Companies often manifest themselves these days in the form of a machine. Many machines we use today are just extensions of companies. Apps, websites, and ATM’s are all owned by the firms that developed them. Even a car that you own can be thought of now as an extension of its maker. Your Tesla is constantly sending information back to headquarters about the state of your car, and the state of your driving. These machines could easily be stand-alone corporations. In New York City, taxi firms sometimes own many taxis, and each one is its own corporation, to reduce liability in case of an accident. Since a corporation is a person in the eyes of the law, we may find ourselves facing a situation where a stand-alone robot must be legally treated as a person. Consider a future scenario where you’re out for a Sunday drive, and you’ve overridden the self-drive mechanism to remind yourself what if feels like to actually drive a car. You pass by a fleet of robots that repair highways. They are dropped off in the morning by the corporation that owns them, and spend their day shoveling, hammering, and pouring concrete. Each one is a legal person. Imagine you hit one of them. There will be damages to pay and blame to assign, which will be worked out through the legal system. The robot has rights of course, and is entitled to his day in court.

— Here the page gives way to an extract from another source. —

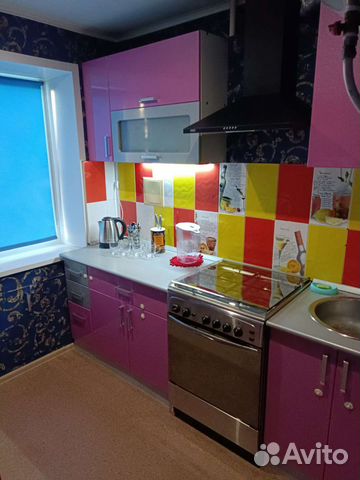 

1-к. квартира, 35 м², 2 кровати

It’s not too hard to imagine a society consisting of a mixture of people and robots. For the most part, they will interact amicably. The people will tell the robots what to do, like “deliver my groceries”, or “take out my appendix”. But the robots will also tell the people what to do, like “wait here until this train has gone by”, or “rest for a few days because I just took your appendix out”. If the context is right, people will of course do what the robots tell them to do. In fact, today, when your phone tells you which way to drive to get to a restaurant, you’re already ceding control to a machine, but you do so because you feel like you are still in control.

With each passing year, these robots will get smarter. Initially of course, there will be a large company that owns a fleet of them. But as they get smarter, their corporate charters will cede more independence to them. They will be free to make day to day decisions, only referring to the head office if they encounter a situation they are not programmed to deal with. Individual robots, or even large teams of robots, may act independently for long periods of time — days, months, even years. Humans will grow more and more comfortable with having robots in charge. It’s not too hard to imagine this future going very badly. Bit by bit, the machines take over, and like the frog in hot water, people will be blissfully unaware of the danger.

In the 1940’s, the science fiction writer Isaac Asimov proposed a series of rules that robots must obey in order to ensure that humans remain in charge. The rules tried to guarantee that no humans would be harmed in any interaction with a robot. This is far more complicated than Asimov implied of course, but clearly some framework will be needed. The speed of recent developments in AI, together with the three issues outlined in this essay, suggest that the time has come to build this framework. Otherwise, the robots win.